Low-Code is not about losing weight and being slim. Goals are high productivity and flexibility. The demographic change and the tremendous speed with which requirements change forces us to provide applications that the company demands in the here and now with little to no personnel. Low-Code platforms can provide support here. With objects that are closer to the business world and in a language that is more comprehensible for users, business processes are modeled graphically (Fig. 1), interfaces are docked by mapping and routine tasks are handled by prefabricated but configurable components.
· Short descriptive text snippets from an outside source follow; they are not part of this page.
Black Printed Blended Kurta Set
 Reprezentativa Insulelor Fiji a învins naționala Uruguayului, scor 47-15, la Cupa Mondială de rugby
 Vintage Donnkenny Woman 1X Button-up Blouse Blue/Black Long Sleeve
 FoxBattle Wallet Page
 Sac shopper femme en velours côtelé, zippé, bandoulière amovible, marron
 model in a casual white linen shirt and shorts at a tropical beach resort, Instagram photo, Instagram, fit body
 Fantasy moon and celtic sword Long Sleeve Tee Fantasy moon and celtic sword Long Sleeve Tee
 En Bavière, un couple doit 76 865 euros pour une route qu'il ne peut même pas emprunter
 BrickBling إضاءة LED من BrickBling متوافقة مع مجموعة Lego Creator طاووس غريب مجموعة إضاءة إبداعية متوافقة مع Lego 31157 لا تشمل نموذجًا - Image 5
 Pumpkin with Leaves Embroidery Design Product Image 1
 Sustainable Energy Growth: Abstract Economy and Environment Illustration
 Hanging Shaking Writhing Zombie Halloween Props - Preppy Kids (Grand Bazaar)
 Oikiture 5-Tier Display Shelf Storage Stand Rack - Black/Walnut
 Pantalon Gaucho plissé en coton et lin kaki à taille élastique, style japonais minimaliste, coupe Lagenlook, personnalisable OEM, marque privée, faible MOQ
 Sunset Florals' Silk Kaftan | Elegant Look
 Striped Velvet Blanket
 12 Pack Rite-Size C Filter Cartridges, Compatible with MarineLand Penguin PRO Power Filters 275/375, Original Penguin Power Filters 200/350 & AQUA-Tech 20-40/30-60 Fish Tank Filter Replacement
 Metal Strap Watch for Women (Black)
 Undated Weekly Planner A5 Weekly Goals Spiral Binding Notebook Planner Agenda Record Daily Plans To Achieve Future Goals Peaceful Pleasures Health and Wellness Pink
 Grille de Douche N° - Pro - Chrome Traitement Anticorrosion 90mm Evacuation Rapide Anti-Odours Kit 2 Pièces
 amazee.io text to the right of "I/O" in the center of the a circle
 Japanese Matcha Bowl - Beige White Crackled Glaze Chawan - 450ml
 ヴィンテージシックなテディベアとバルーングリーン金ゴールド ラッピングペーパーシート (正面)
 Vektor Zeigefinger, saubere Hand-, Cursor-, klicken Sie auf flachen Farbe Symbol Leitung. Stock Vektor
Cloud computing supports this trend as a level of abstraction between code and user has already been inserted. Instead of coding, the focus is on configuration. UIs are assembled by drag-and-drop (Fig. 2). For example, a ready-made control for entering bank details can be dragged onto the form instead of implementing all the fields and their validation logic yourself. The features of a control are reduced to the essentials and are visualized in a comprehensible way (Fig. 3)..



The principle: Metadata
The principle of Low-Code is relatively simple: Metadata is generated with clear tools. This metadata is used to create the actual interface in the respective environment. The great advantage of this approach can be seen when the platform offers several interfaces. The metadata then looks like in Fig. 4 on the web.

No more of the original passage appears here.